(Captioned web image data)
──────────────────────────────
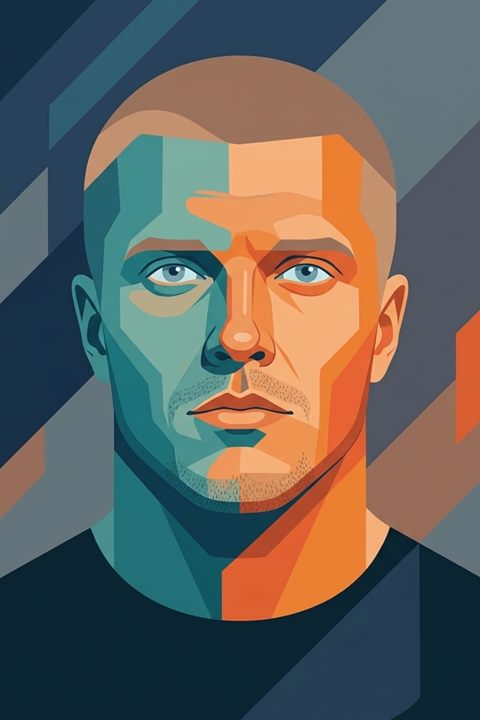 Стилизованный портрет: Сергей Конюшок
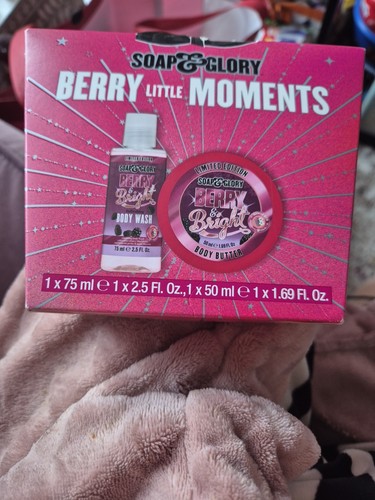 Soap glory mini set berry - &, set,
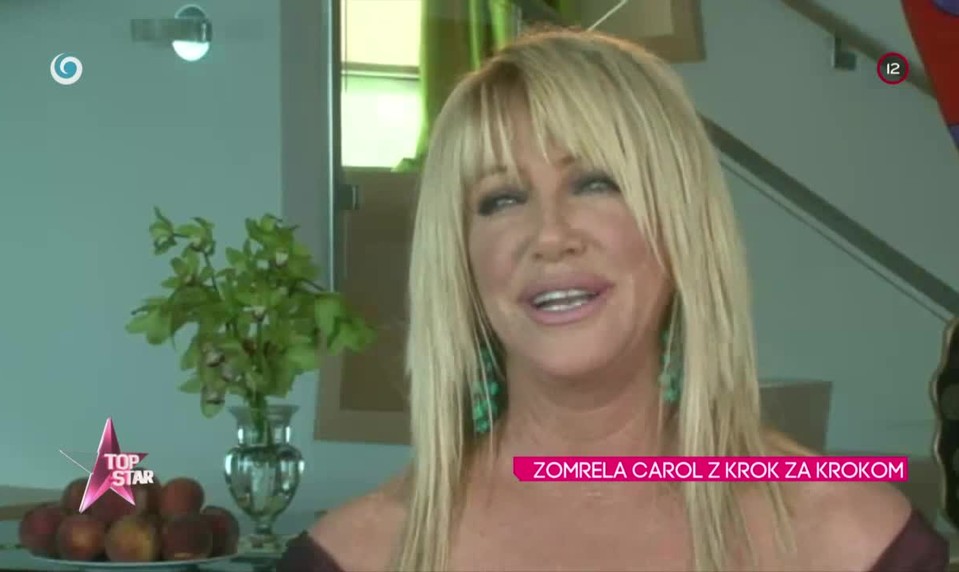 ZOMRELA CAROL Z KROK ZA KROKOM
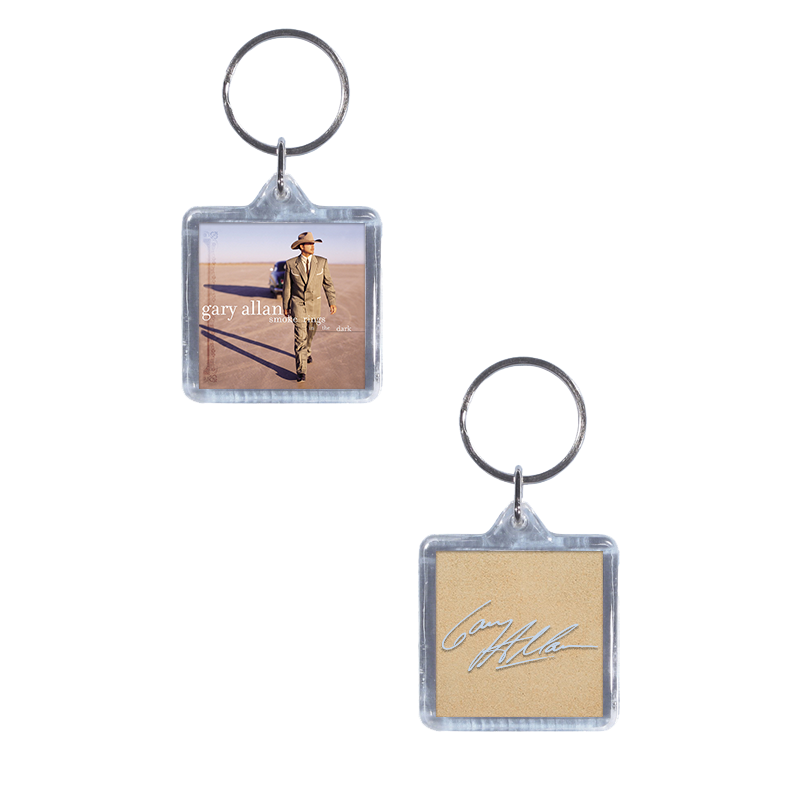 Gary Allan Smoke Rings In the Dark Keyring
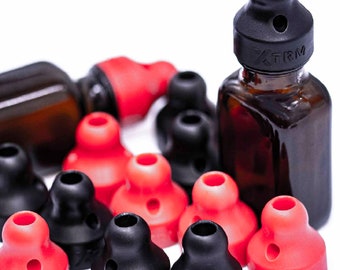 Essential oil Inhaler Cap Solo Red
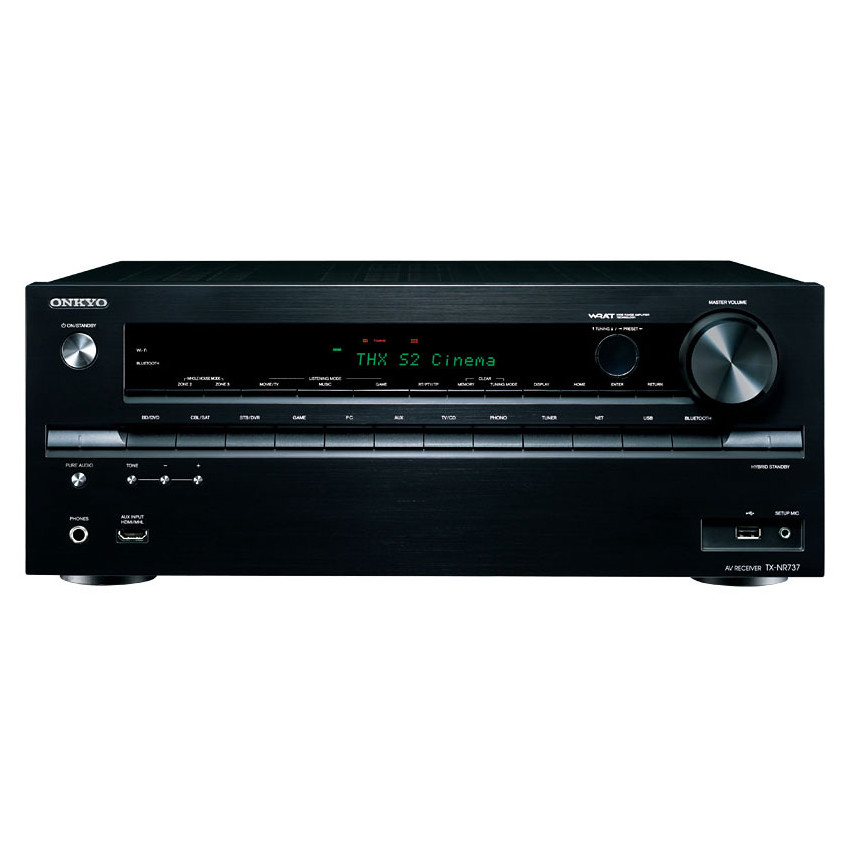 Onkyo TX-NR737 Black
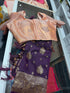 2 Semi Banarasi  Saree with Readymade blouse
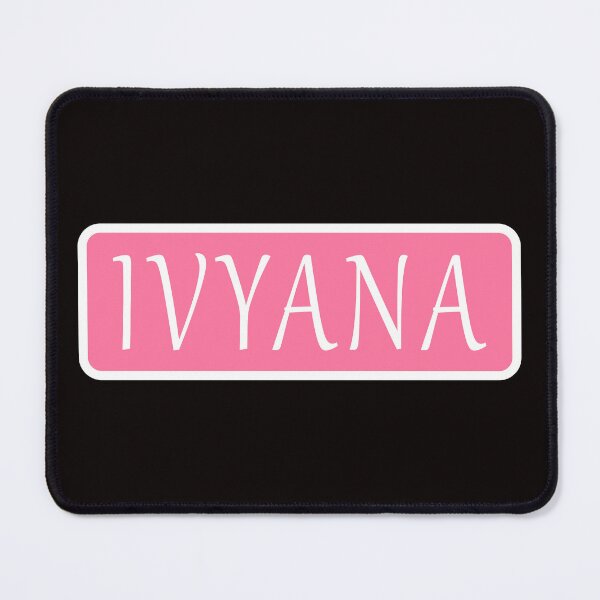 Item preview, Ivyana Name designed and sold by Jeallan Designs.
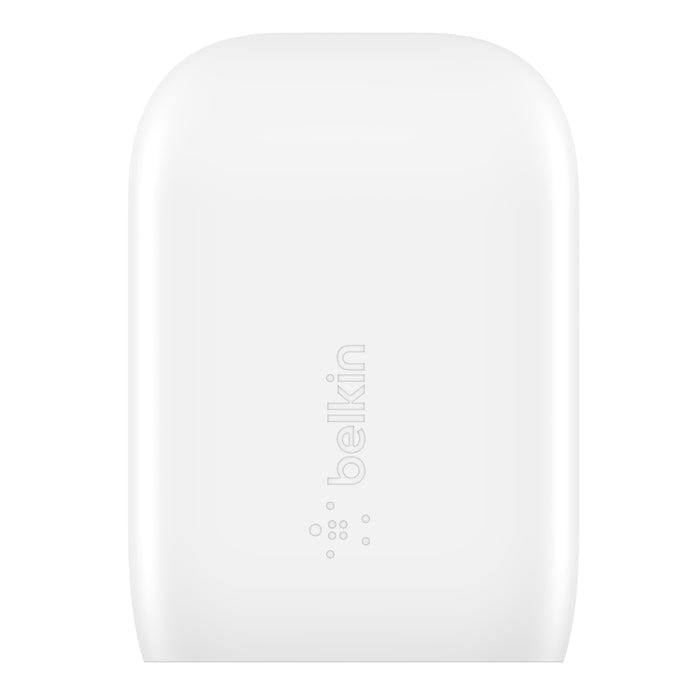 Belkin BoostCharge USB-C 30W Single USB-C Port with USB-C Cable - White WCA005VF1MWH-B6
──────────────────────────────
# [TASK DIRECTIONS]
Every line from the one holding "2 Semi Banarasi" through the end of the records above must be reproduced verbatim, pictures excepted.

# [SOLUTION BELOW]
 2 Semi Banarasi  Saree with Readymade blouse
 Item preview, Ivyana Name designed and sold by Jeallan Designs.
 Belkin BoostCharge USB-C 30W Single USB-C Port with USB-C Cable - White WCA005VF1MWH-B6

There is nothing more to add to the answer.